Nullability and presence are separate in JSON Schema Draft 07:

* `type: ["string", "null"]` means the field may be `null` when it is present.
* The enclosing object's `required` array controls whether the field must be present.
* Optional nullable fields therefore have three states: omitted, present with `null`,
  and present with a scalar value.
* Required nullable fields have two states: present with `null` or present with a
  scalar value.

When omission and explicit `null` carry different semantics, state that distinction
in the field description so SDK generators do not collapse the cases.

## Testing Schemas

All schema changes must:

1. ✅ Validate with JSON Schema Draft 07
2. ✅ Pass example data through validation
3. ✅ Generate types successfully (Python, TypeScript)
4. ✅ Update documentation to match
5. ✅ Include an `adcontextprotocol` changeset describing the schema change

## Review Checklist

Before merging schema changes, verify:

* [ ] No duplicate enum names across different files
* [ ] No ambiguous field names (like bare "type")
* [ ] All enums referenced via `$ref`, not inline
* [ ] Breaking changes use proper versioning
* [ ] Documentation updated to match schemas
* [ ] Examples validate against new schemas
* [ ] Type generation tested
* [ ] `adcontextprotocol` changeset created with proper version bump

## Philosophy

**"The schema is the spec"**

Documentation should reflect what's in schemas, but schemas are the source of truth.
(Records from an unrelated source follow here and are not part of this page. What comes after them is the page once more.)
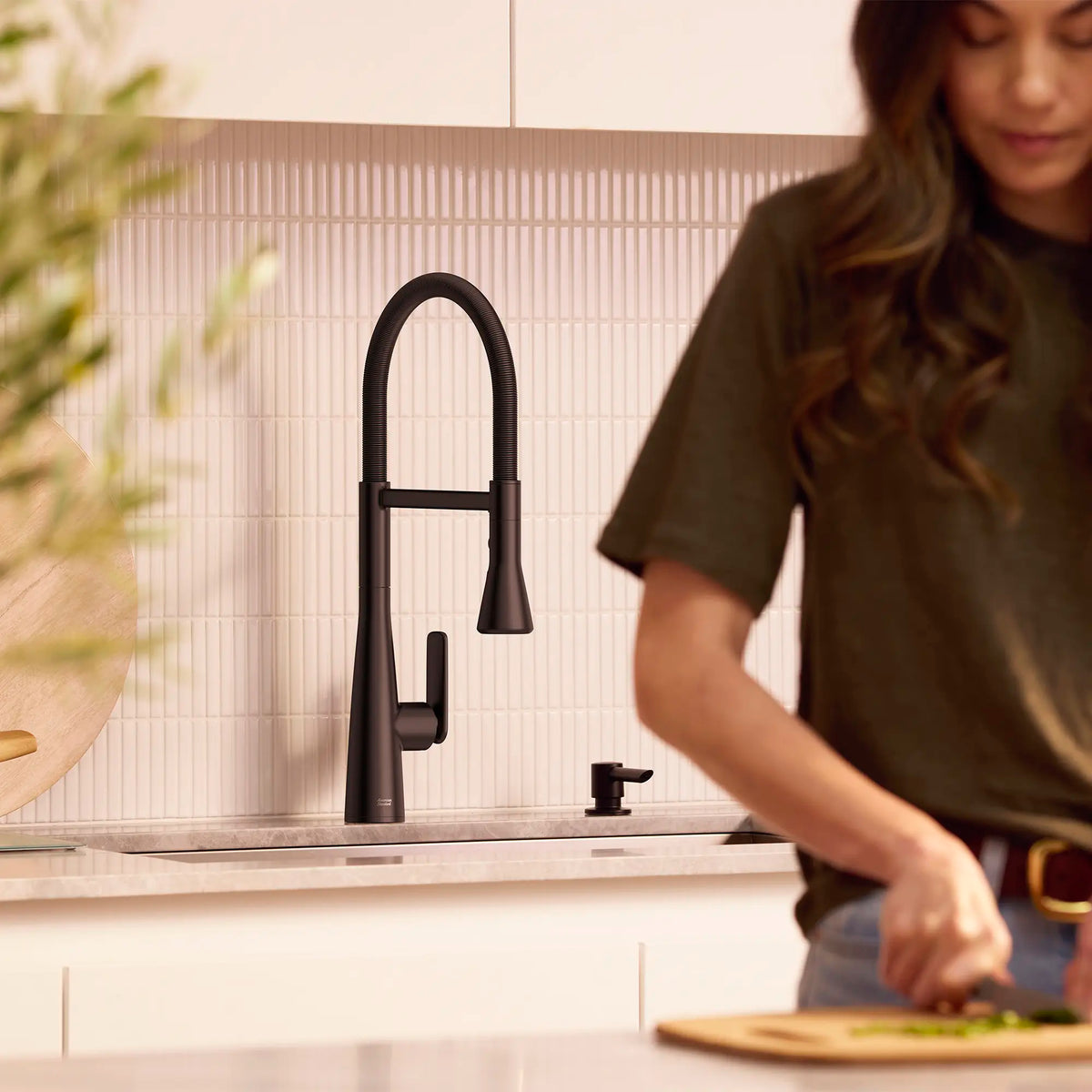 Aspirations Semi-Pro Kitchen Faucet  // MATTE BLACK // 263793_Aspirations_Lifestyle_1048822430_0001_JUNE2025_1_CDNwebp_d0a20203-f86c-4a04-abb5-73844a336edc.webp
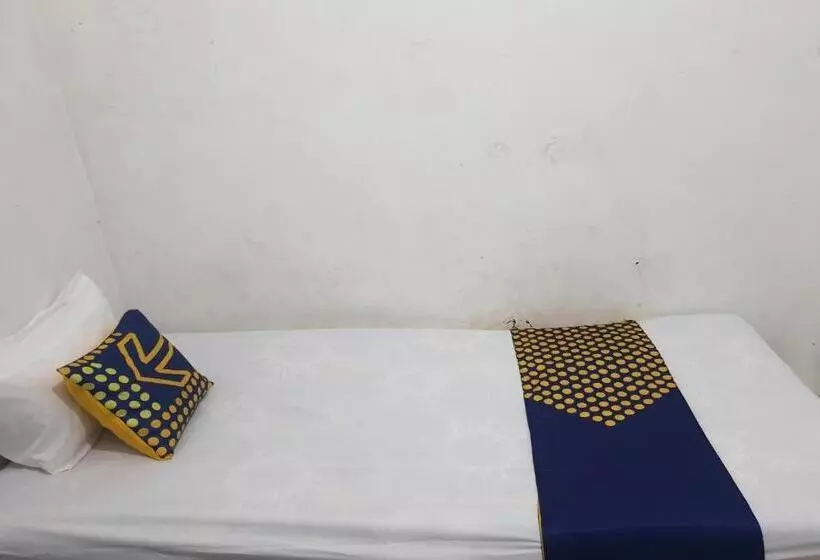 Hotelli Spot On 92842 Homestay Balearjosari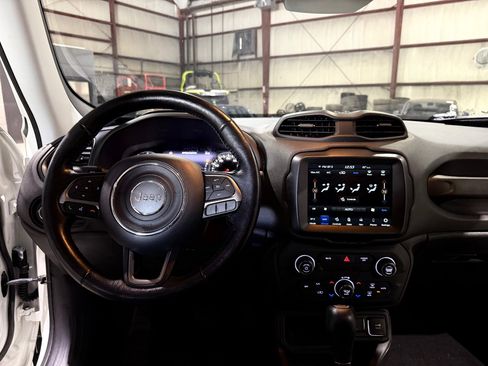 Used 2018 Jeep Renegade Limited w/ UConnect 8.4 Nav Group FWD image 29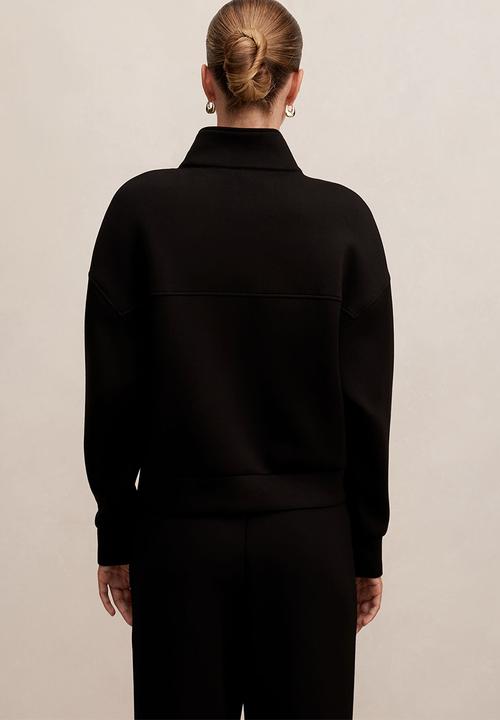 Forever New - Heidi seam detail lounge jumper in black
When documentation and schemas diverge, schemas win. This means:

* Write clear, detailed descriptions in schemas
* Use semantic names that are self-documenting
* Design for type generation, not just validation
* Think about developer ergonomics across languages

**"Make the right thing easy"**

Good schema design guides implementers toward correct usage:

* Use discriminators so type checkers catch mistakes
* Use semantic names so code reads clearly
* Consolidate enums so generators produce clean types
* Restrict where necessary, but don't over-restrict

## Questions?

When in doubt about schema design decisions:

1. Check existing patterns in `/schemas/v3/`
2. Consider impact on type generation
3. Ask: "Will this name collision cause issues?"